Recent Predoctoral Trainees

Elizabeth Coggeshall
Elizabeth is a Biological Anthropology PhD Candidate in PEEL. She has worked with alloprimates for 10 years and in a variety of contexts. This includes Costa Rica, South Africa, Chimpanzee Sanctuary Northwest, Thailand, Bhutan, and now is conducting her PhD research in the Himalayas of India as the co-director of the Himalayan Langur Project. Elizabeth’s research aims to understand how mother-offspring dyads respond to anthropogenic stressors (food loss, human interactions, dog attacks, disruptive sounds) and investigate how social buffering effects dyad physiology (GMB and endocrine system) and behavior in response to the aforementioned stressors. Social buffering is a critical process for species, group, and individual survival and provides insight into primate adaptation, life history, and conservation, within changing landscapes. Additionally, she also focuses on community engagement, bioethical and ethnoprimatological theory, as well as visual anthropology within her research. Her education includes an MSc in Primate Behavior & Ecology from Central Washington University and a BA in Anthropology from the University of Texas at Austin.


Emily Hibbard
Emily’s research investigated sex differences in response to nerve injury and subsequent treatment with gonadal hormones.
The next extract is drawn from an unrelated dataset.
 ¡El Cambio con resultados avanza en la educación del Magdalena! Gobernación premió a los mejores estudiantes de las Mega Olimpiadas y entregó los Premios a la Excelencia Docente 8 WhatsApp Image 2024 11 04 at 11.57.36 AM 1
Recovery from nerve injuries requires axons to regenerate back to denervated muscle and tissue, which is an unfortunately slow and flawed process often resulting in incorrect axonal connections. Males and females show inherently different rates of axon regeneration after nerve injury: males exhibit slower regeneration than females, potentially leading to worse recovery outcomes. Gonadal hormones have been implicated in this sex difference, and in fact, have been used as a treatment by accelerating recovery after nerve injury. Her dissertation aimed to directly compare the efficacy of androgenic and estrogenic hormone treatments to recover locomotor function, prevent injury-induced hyperalgesia, and protect integral spinal circuitry after sciatic nerve injury in male and female rats. Emily is now a Postdoctoral Fellow at Virginia Commonwealth University Medical Center.


Yadira Pena-Garcia
In her research, Yadira investigates the factors driving variation in mutation rates across mammalian species. Specifically, Yadira focuses on the male mutation bias, a phenomenon where fathers contribute more mutations to their offspring than mothers. Challenging the traditional view that replication errors are the main source of mutations, she and her lab introduced the ‘faulty male’ hypothesis, which proposes that most mutations arise from DNA damage and inefficient repair processes. Using genomic data from grizzly bears, her research reveals no significant reduction in mutation rates due to hibernation in bears, suggesting that replication during spermatogenesis is not the primary driver. Additionally, by using whole-genome sequencing data from opossum trios, she observes a strong male mutation bias, with most mutations being of paternal origin despite their early reproductive age, further supporting the ‘faulty male’ hypothesis.